Prone ventilation (PV) is a ventilatory strategy that frequently improves oxygenation and lung mechanics in critical illness, yet does not consistently improve survival. While the exact physiologic mechanisms related to these benefits remain unproven, one major theoretical mechanism relates to reducing the abdominal encroachment upon the lungs. Concurrent to this experience is increasing recognition of the ubiquitous role of intra-abdominal hypertension (IAH) in critical illness, of the relationship between IAH and intra-abdominal volume or thus the compliance of the abdominal wall, and of the potential difference in the abdominal influences between the extrapulmonary and pulmonary forms of acute respiratory distress syndrome. The present paper reviews reported data concerning intra-abdominal pressure (IAP) in association with the use of PV to explore the potential influence of IAH. While early authors stressed the importance of gravitationally unloading the abdominal cavity to unencumber the lung bases, this admonition has not been consistently acknowledged when PV has been utilized. Basic data required to understand the role of IAP/IAH in the physiology of PV have generally not been collected and/or reported.
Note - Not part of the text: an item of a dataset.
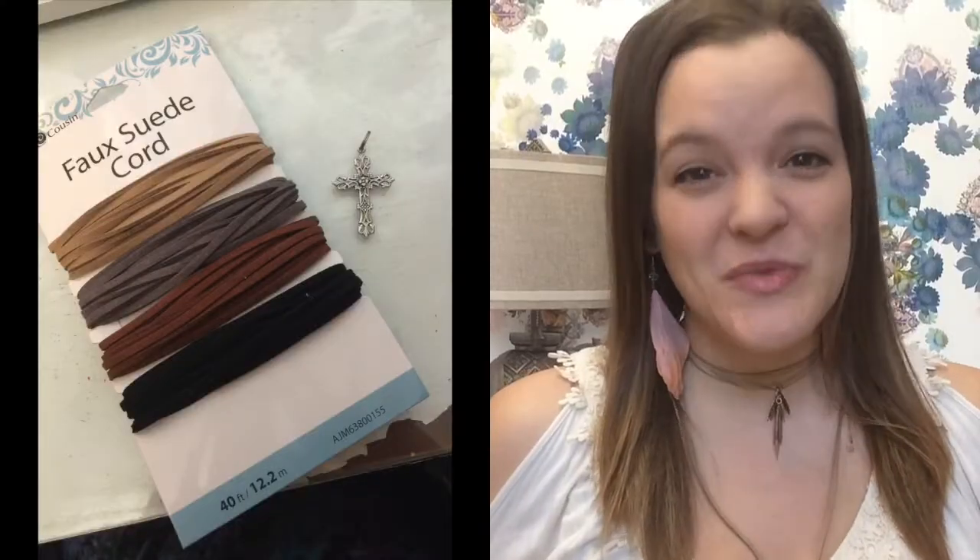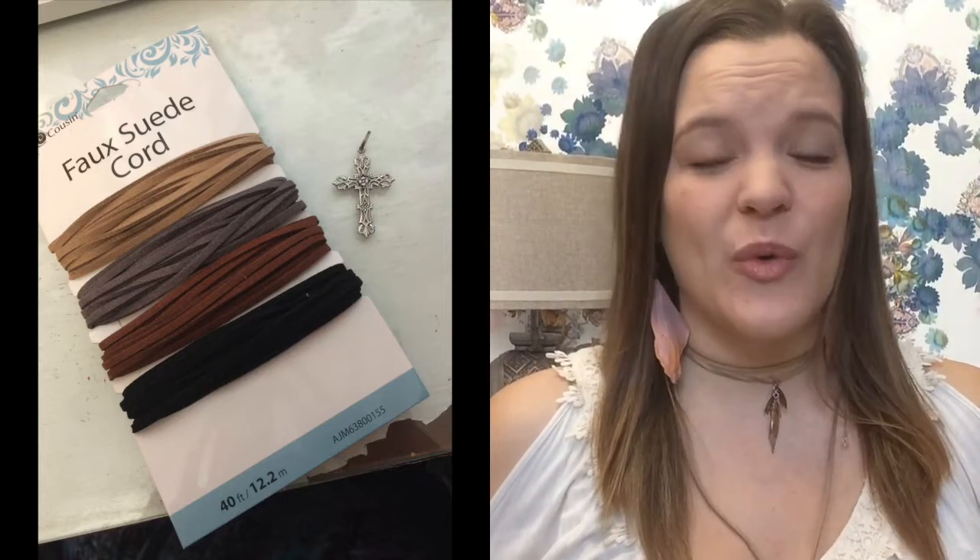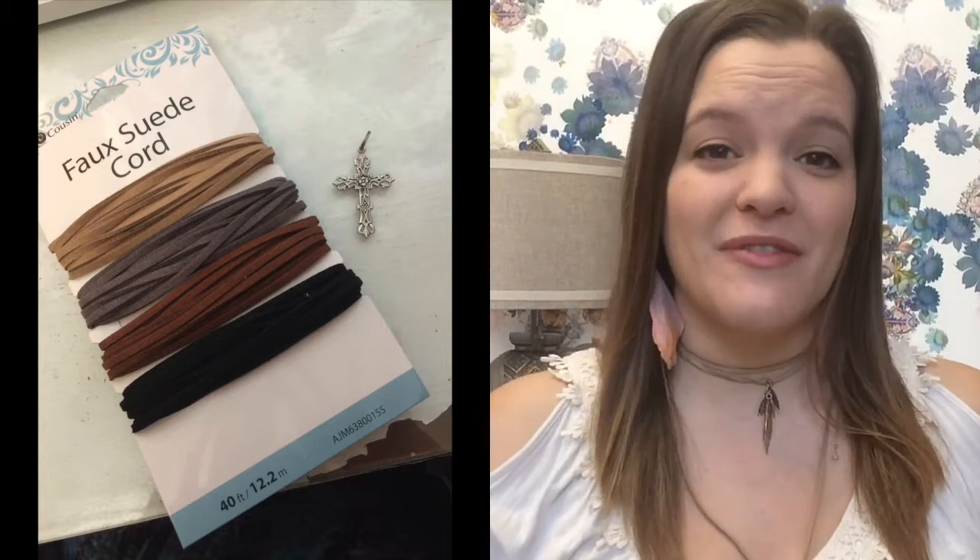So here's what you're going to need. The first thing you're going to need is a pack of faux suede, and I actually got this at Walmart. It was like $3.88 or something like that for this pack of four different colors.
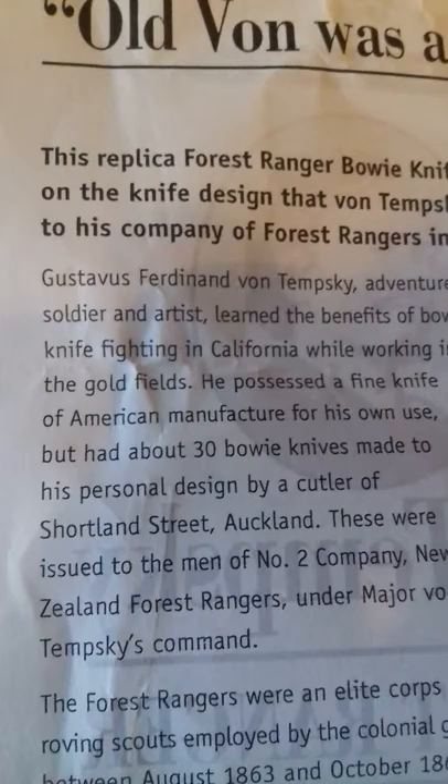Very well made. Good thick leather sheath with it as well. This is a replica of the Vontemski — Vontemski himself. His knife. By all means, he was a badass. Little story about him there — very interesting read.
No randomized controlled trials or meta-analyses considered IAH in design or outcome. While the act of proning itself has a variable reported effect on IAP, abundant clinical and laboratory data confirm that the thoracoabdominal cavities are intimately linked and that IAH is consistently transmitted across the diaphragm - although the transmission ratio is variable and is possibly related to the compliance of the abdominal wall. Any proning-related intervention that secondarily influences IAP/IAH is likely to greatly influence respiratory mechanics and outcomes. Further study of the role of IAP/IAH in the physiology and outcomes of PV in hypoxemic respiratory failure is thus required. Theories relating inter-relations between prone positioning and the abdominal condition are presented to aid in designing these studies.